O legado de John Lennon Manezinho é um menino comportado, que aprendeu os sábios valores da civilização O GAROTO é franzino, meio desconjuntado. O corpo parece ter 12, 13 anos de idade no máximo. A cabeça não: é grande, comprida, o queixo para frente, narinas abertas e defeituosas. A primeira impressão é clara: a cabeça não foi feita para aquele corpo. Ou vice-versa.
Reparo as mãos do garoto: são relativamente grandes. Não há força em seu corpo: é possível que, no futebol que gosta de jogar, lembrasse alguma coisa de Garrincha. Aquele desconjuntado Mané Garrincha, que driblava qualquer um, graças às pernas tortas, ao gingado que parecia ir para um lado e ia para o outro. Por isso o apelido do garoto: Manezinho.
Pois Manezinho é um menino comportado, reza o terço, aprendeu os sábios e piedosos valores de nossa civilização. O pai humilde, porteiro de um condomínio no alto da Gávea, educa os filhos na base da compreensão, não bate neles, dá conselhos. Mas sem abrir mão de sua autoridade e da autoridade do Estado: quando o locutor da TV anuncia: "senhores pais, são tantas horas, por ordem do Juizado de Menores o programa a seguir é proibido para menores de 16 anos", só ficava na sala o filho mais velho, que tem 17 anos. Com os demais, Manezinho ia dormir, pois tem apenas 14 anos.
A cinco, seis metros do portão de Manezinho, há uma das casas do condomínio. Nela moravam um corretor da Bolsa desempregado, sua terceira ou quarta mulher, Angélica, uma loura, nem bonita nem feia, mas atraente, de 20 e poucos anos, e um dos filhos, Felipe, de 14 anos, rapaz bonito e levado.
Gosta de brigar. Certa vez, não muito longe no tempo, desentendeu-se com o porteiro do prédio onde mora sua mãe e deu-lhe navalhadas. Foi parar na polícia, como lá foi parar em outras ocasiões, pois é menino exibicionista, volta e meia arria as calças diante de mulheres e se mostrava, gosta de se fotografar nu diante do espelho, tem especial predileção pelo próprio pênis, fotografou-o de todos os ângulos, curte adoidado essas revistas, tipo expressamente proibido para menores, e gosta de mulher mesmo.
Ali naquela casa, ele vivia em aparente promiscuidade com a terceira ou quarta mulher de seu pai. Em um dezembro, numa tarde de chuva, moradores do condomínio ouviram gritos na casa do corretor da Bolsa. Ninguém foi lá para ver o que se passava. Só depois de algum tempo, quando ninguém mais gritou, começaram as suspeitas.
Um pequeno grupo entrou pela cozinha, encontrou o corpo da moça, nu, com quase 40 facadas, inclusive uma, profunda, no baixo ventre.

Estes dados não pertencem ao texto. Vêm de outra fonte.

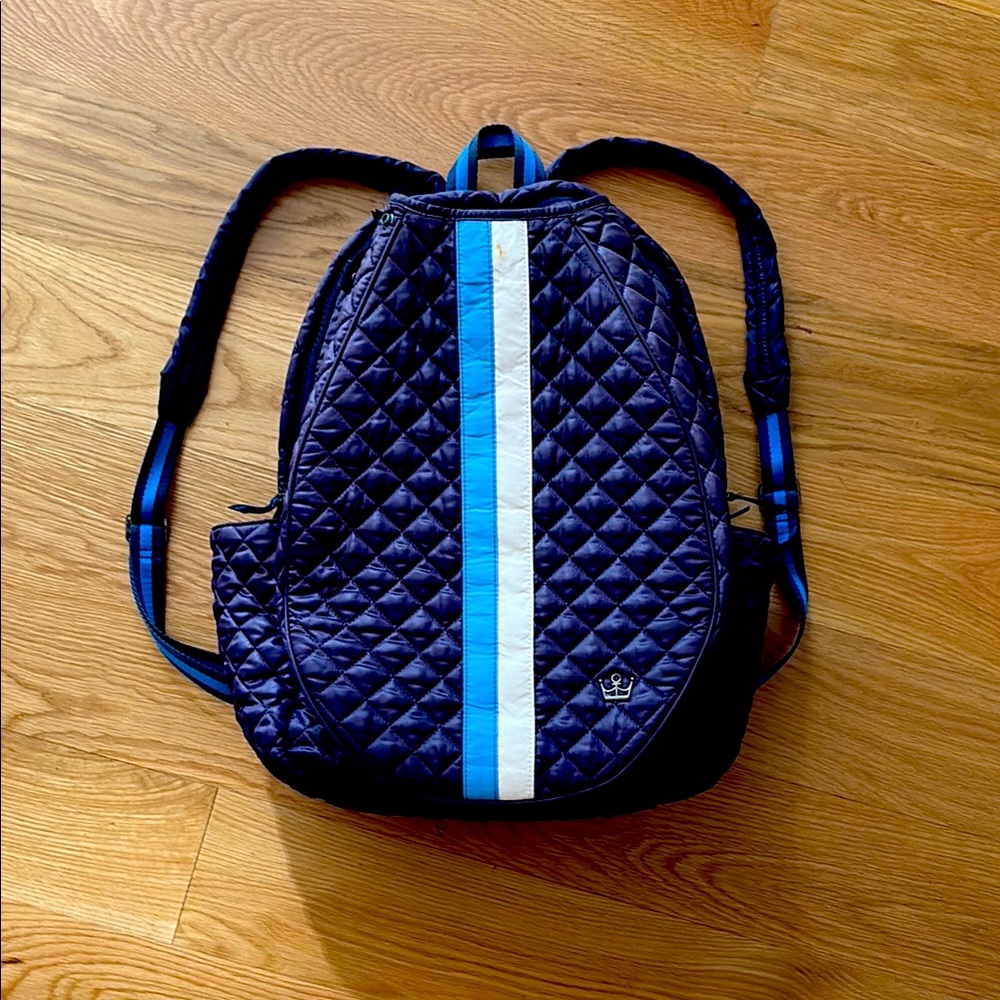Oliver Thomas Tennis Backpack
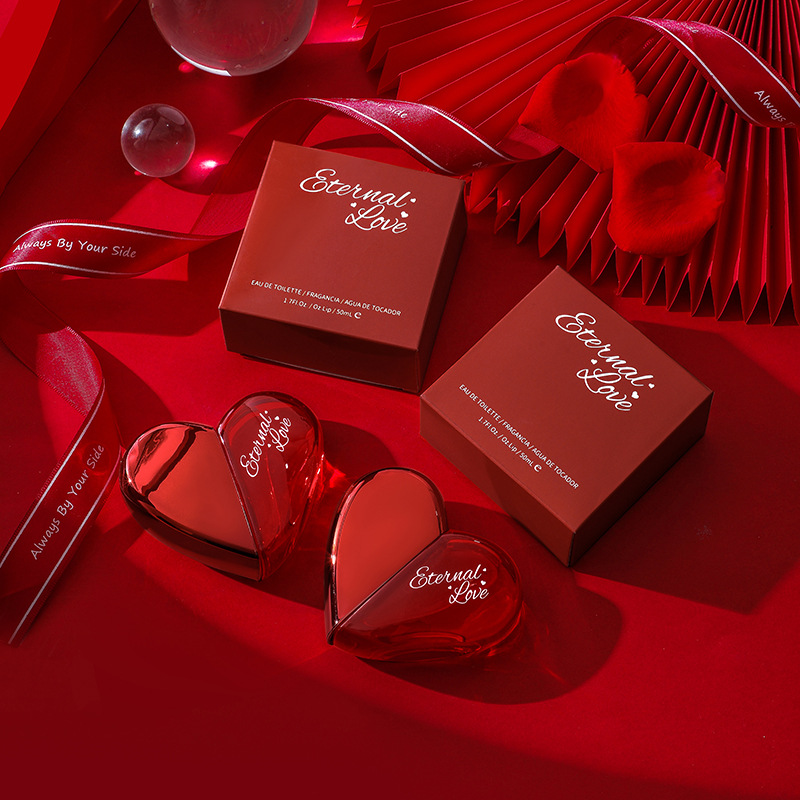 Langdurig parfum voor dames, elegante bloemige geur voor bruiloft_voghion.com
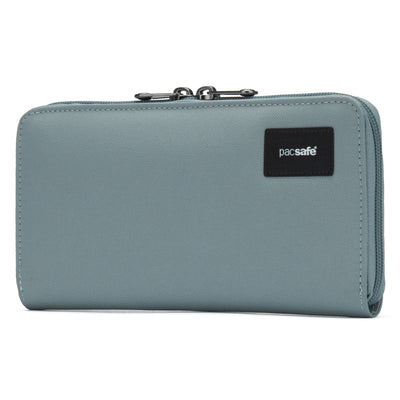 RFIDsafe Continental Wallet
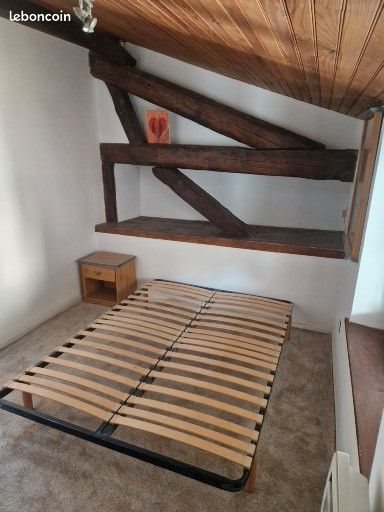 Appartement à vendre, 43m², Vizille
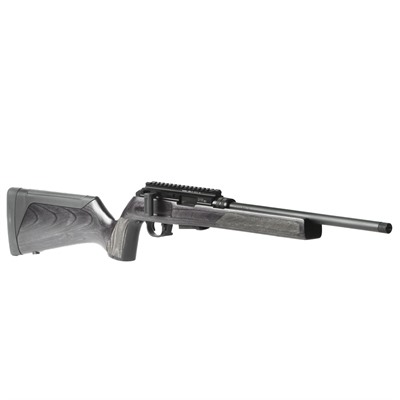 FORCE B1 22 LONG RIFLE 16.1'' BBL (1)10RD MAG GRAY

A polícia, os jornais, a cidade e, principalmente, os moradores do condomínio formaram logo uma opinião: só podia ser Felipe. A novela estava lançada, o conflito armado, esperava-se o seu desenvolvimento.
Mas a polícia não deu uma de Janete Clair. Se a história estivesse sendo contada por um profissional, fatalmente o criminoso acabaria sendo Felipe mesmo.
Tal como Dmitri Karamazov seria o assassino de seu pai, o velho Fédor Karamazov. Mas Dostoiévski era epiléptico, tinha uma cuca fora de série, armou seu drama e descolou outro criminoso, o bastardo e epiléptico Smerdiakov.
A vida também é epiléptica. O criminoso do alto da Gávea não é Felipe. É Manezinho, que não assistia sequer aos inocentes bangue-bangues da televisão porque o pai cumpria as determinações do Juizado de Menores. Ele ia para cama então, sonhar com as mãos livres e suas, para atender ao apelo cruel que havia dentro dele.
Naquele tempo, sem poder escrever o que pretendia, fiz reportagens policiais para uma revista, usava diversos pseudônimos.
Entrevistei os dois rapazes, o inocente e o culpado. Tinham um único ponto em comum: desprezavam os pais. Um deles não podia dormir sem antes ouvir aquilo que chamou de "legado de John Lennon". Não sei bem o que é isso, mas anotei. O outro, que afinal era o criminoso, nem sabia quem era John Lennon. Não tinha ídolos. Sua única ambição era que o deixassem em paz.
A mídia estava então sob censura, não apenas na política, mas na moral e nos bons costumes. Não pude publicar a matéria. Hoje daria um excelente filme na chamada recuperação do cinema nacional.